Właśnie się wyjaśniło, że .......prawa Murphego orbitują wokół mnie niezmiennie, wobec czego oznajmiam zaciekawionym, że szlifierka mimośrodowa Stanleya wróciła do mnie pięknie oklejona naklejeczkami serwisowymi, a kołysanie talerza jak było tak jest. Żadnego protokołu naprawy, nic.
Dzwonię więc do nich, odbiera miła dziewczyna, po krótkich ustaleniach przeczytała mi, że w urządzeniu nie stwierdzono wad.
Na zapytanie czy mogę porozmawiać z kimś kompetentnym w temacie usłyszałem grzeczną odpowiedź negatywną, z propozycją odesłania sprzętu z powrotem (niby dalej na ich koszt) tylko z prośbą o dokładny opis usterki - fizycznie - na kartce papieru załączonej do urządzenia. Powiedziałem jej, że dokładny opis usterki wysłałem w formularzu zgłoszeniowym, więc czemu mam to czynić ponownie? Rozbrajającym głosem powiedziała mi, ze mają nowy system zgłoszeniowy i serwisanci nie mają jeszcze dostępu do tego systemu.
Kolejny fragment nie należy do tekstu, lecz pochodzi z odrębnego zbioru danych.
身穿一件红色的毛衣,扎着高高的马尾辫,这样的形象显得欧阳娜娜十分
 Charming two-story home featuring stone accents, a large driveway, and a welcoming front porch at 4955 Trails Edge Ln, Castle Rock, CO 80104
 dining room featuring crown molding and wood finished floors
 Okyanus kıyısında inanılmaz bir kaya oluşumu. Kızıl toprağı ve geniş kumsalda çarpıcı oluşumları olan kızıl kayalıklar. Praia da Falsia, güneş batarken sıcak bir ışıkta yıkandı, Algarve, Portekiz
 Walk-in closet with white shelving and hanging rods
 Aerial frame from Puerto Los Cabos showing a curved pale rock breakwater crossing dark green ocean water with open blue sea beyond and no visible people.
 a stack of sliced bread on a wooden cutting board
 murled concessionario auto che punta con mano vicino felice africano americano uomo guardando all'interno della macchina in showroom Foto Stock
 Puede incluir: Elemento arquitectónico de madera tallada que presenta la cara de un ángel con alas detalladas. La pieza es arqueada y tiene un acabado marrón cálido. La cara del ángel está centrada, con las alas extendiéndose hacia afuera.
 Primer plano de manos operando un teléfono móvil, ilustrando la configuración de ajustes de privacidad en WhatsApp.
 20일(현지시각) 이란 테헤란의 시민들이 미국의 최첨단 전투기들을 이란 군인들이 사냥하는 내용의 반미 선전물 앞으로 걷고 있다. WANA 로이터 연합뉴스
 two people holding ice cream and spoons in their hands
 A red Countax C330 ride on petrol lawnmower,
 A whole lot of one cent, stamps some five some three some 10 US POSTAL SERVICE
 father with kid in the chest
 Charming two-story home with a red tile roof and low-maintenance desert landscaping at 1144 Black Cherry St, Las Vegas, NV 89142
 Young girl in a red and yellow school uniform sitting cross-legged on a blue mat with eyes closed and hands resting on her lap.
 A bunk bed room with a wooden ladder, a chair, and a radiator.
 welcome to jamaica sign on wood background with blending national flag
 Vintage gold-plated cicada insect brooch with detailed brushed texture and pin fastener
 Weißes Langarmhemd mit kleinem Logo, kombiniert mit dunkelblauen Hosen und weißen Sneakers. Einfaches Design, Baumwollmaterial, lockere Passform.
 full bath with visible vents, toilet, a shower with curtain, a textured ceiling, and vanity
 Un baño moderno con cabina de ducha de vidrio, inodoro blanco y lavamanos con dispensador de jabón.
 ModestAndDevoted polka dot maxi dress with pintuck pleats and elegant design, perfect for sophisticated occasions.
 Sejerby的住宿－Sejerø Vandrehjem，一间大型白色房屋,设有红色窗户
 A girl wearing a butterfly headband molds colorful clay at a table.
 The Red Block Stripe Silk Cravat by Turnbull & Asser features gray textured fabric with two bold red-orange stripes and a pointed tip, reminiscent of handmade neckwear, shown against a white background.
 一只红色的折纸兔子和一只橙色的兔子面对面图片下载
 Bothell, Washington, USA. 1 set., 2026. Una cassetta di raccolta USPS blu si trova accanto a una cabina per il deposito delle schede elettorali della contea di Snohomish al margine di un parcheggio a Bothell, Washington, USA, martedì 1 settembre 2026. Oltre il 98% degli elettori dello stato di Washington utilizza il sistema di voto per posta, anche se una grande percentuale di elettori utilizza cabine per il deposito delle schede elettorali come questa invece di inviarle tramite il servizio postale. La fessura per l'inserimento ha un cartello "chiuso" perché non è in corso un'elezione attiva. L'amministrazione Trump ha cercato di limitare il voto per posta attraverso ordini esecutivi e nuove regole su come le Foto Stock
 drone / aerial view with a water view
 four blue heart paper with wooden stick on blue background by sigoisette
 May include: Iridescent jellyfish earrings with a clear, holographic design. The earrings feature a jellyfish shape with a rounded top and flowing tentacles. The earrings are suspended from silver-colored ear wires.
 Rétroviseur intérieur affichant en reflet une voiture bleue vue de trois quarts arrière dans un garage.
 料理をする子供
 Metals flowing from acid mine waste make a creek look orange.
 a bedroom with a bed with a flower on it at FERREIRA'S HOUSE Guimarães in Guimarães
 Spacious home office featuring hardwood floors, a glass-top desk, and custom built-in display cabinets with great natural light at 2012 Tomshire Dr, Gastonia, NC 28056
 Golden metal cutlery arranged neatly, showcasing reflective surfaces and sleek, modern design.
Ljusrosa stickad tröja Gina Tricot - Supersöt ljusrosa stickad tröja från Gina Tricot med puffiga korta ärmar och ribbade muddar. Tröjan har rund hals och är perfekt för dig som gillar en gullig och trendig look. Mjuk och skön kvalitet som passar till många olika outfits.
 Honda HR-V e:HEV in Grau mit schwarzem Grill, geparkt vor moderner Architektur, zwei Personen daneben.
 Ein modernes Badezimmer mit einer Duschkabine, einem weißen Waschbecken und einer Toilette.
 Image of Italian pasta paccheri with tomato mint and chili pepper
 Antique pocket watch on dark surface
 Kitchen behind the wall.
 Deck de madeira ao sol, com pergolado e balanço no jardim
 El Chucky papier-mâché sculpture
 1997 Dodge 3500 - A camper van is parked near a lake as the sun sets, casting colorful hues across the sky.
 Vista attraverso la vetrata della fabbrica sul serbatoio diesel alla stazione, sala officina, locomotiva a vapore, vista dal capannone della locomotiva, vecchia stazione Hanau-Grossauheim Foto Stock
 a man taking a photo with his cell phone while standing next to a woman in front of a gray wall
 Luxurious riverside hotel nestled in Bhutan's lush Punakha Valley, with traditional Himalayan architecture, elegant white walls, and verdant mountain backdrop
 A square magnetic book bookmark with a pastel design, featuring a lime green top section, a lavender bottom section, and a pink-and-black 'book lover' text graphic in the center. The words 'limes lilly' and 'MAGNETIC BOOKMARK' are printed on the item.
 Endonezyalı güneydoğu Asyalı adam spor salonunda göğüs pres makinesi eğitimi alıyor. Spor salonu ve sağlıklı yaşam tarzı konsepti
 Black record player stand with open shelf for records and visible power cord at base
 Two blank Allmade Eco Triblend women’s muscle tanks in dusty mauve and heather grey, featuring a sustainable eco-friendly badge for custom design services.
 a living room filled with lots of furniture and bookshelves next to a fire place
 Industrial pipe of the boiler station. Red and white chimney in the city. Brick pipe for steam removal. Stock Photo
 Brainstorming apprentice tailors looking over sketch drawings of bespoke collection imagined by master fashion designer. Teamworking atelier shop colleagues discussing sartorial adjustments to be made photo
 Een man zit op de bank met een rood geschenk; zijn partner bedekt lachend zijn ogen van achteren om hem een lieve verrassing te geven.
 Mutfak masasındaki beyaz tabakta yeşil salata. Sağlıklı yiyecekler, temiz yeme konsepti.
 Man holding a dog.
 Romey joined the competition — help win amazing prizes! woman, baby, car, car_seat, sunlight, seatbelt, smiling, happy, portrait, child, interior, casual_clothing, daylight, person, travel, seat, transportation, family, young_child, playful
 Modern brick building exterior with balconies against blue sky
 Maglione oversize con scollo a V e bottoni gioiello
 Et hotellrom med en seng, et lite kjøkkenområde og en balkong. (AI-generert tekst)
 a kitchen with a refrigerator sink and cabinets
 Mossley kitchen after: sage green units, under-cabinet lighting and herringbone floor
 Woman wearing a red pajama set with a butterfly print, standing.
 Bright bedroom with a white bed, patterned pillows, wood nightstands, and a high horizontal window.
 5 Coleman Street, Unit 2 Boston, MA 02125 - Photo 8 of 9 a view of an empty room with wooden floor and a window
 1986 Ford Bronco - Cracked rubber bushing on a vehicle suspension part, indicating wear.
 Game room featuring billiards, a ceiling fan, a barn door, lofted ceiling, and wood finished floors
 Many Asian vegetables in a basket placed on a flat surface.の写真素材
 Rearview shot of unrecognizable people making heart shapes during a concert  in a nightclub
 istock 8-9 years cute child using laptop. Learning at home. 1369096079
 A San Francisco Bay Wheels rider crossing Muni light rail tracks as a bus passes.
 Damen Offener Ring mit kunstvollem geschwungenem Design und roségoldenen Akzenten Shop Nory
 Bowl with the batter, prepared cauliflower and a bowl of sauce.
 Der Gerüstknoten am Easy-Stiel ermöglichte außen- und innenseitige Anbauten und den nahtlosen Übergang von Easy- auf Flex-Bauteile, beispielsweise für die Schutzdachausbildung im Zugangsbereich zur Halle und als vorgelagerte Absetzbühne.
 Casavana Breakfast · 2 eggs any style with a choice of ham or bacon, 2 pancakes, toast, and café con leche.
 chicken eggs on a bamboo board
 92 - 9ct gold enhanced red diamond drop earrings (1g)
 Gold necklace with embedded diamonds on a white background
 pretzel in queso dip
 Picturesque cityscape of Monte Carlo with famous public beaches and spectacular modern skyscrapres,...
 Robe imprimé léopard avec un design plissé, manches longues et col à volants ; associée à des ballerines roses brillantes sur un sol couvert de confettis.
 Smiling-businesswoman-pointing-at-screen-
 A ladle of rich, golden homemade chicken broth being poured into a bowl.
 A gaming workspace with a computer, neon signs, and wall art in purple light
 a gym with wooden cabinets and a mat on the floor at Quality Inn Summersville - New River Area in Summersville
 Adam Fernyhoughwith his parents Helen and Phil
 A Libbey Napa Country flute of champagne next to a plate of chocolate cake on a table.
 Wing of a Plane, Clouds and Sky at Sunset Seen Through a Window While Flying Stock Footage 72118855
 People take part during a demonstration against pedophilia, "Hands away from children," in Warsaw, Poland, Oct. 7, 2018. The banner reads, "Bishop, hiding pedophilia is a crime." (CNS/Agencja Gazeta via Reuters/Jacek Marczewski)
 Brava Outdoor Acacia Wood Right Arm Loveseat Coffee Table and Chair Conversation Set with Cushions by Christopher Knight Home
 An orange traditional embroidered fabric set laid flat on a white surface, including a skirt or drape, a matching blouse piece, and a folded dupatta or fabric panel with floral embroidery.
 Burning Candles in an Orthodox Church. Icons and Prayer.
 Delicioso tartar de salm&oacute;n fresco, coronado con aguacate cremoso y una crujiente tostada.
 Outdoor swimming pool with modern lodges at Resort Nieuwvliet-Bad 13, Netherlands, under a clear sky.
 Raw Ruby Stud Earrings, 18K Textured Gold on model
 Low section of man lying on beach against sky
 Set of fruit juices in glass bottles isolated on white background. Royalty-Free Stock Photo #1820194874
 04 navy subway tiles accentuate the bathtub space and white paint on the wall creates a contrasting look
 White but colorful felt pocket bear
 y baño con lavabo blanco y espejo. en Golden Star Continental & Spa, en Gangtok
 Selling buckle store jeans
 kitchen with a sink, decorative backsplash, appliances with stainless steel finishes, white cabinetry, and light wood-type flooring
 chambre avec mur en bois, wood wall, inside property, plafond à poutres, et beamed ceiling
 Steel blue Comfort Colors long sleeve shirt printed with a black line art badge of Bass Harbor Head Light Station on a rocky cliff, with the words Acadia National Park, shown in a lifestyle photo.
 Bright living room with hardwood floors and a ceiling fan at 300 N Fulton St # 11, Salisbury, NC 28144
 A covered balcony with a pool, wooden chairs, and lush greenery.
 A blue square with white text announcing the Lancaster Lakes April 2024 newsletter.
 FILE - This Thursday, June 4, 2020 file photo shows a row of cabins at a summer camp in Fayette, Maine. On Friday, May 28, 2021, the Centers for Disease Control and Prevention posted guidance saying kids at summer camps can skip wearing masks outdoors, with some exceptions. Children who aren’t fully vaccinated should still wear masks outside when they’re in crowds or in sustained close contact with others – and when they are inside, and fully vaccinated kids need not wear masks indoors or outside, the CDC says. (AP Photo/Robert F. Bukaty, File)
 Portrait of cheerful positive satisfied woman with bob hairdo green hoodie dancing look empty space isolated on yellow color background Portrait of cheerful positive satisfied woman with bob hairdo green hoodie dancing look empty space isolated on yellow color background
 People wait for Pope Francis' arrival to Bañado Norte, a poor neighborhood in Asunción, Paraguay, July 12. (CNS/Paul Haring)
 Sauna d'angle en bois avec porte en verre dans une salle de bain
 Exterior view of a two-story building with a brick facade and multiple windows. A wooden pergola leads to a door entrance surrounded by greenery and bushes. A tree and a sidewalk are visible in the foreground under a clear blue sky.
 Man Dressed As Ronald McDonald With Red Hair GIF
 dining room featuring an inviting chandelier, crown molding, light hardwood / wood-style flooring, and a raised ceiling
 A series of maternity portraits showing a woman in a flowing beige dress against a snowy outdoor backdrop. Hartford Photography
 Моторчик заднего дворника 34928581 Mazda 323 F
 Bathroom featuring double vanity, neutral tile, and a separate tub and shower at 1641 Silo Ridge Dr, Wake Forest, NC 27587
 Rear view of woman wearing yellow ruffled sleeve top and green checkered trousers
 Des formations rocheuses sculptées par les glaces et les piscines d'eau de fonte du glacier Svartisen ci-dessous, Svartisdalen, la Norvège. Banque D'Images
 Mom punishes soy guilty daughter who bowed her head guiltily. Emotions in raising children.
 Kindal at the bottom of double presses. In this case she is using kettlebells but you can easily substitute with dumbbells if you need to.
Rozwalony odpowiedzią zapytałem na jakiej podstawie technicy w takim razie rozpatrywali naprawę - nie potrafiła odpowiedzieć, tylko włączyła "foniczny system pętlujący" proponujący ponowne odesłanie sprzętu.
Cycki opadają. Na "szczęście" mam okres rehabilitacyjny, więc jej nie potrzebuję na gwałt i odsyłam z powrotem, ale nerwa troszeczkę mi podnieśli.